The Fallen Legacy of Black Supermodels
Some young faces of color are fighting their way back onto the catwalk
There was a whisper echoing throughout New York Fashion Week last February, and it didn't have anything to do with Alexander Wang's finale look. Though rich with inspiration and creativity, there was something missing from the catwalk: a strong showing of black models.
Cited in the media as the "whitest" Fashion Week since 2008, the week-long event at Lincoln Center provided a catwalk for over 5,000 looks, of which only seven percent were modeled by black women. While there may be strength in numbers, there are a cache of black models who are quickly becoming some of the industry's most sought after talent. They're inking multi-million dollar advertising campaigns, gracing the pages of high fashion magazines and flying to Paris, London and Milan to walk in the most highly anticipated shows. With the supermodel era nearly two decades in the past, whether their careers will reach the status of Tyra and Naomi's before them is uncertain. Still, many are striving for just that, hoping that if they get there, their face won't be the only brown one at the top.
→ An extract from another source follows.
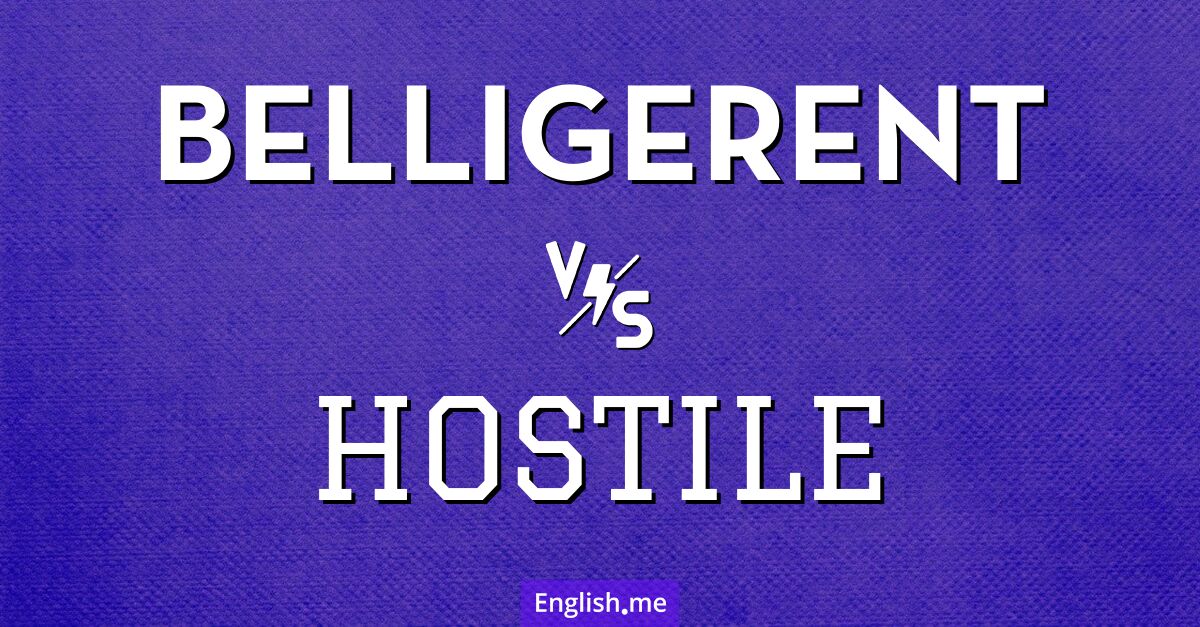 "Belligerent" (belliqueux) contre "Hostile" (hostile)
Among these models is Atong Arjok. Born in Sudan and raised in San Diego, Arjok found herself at an open call for aspiring models in 2002 after she and her cousin heard an advertisement for the event on the radio. Her inimitable look piqued the interest of scouts and within weeks Arjok was signed to LA Models and off to New York to start working.
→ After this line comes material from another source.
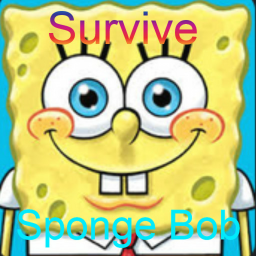 Survive Sponge!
"That was a shocker," she says of the speed at which here career started to develop. "I was 17 and had never been on my own. My family was very supportive, but they were terrified." Arjok got work quickly, walking in shows for Diane von Furstenberg and 3.1 Phillip Lim and appearing in spreads for Allure and Italian Vogue. With so few models of color on the scene, she was soon in high demand and often being compared to another Sudanese beauty.
"There weren't that many people who looked like me," she says. "It was just me and Alek Wek." But while Wek emerged as an industry "it" girl and Arjok consistently booked print and runway jobs, it was clear that their experiences were the exception and not the rule; they rarely shared the limelight with other models of color.
"This is not an equal opportunity type of business and I really don't know why," Arjok says. "After Italian Vogue I thought it would get better, but it really hasn't," she notes, referencing the now infamous July 2008 issue that featured all black models.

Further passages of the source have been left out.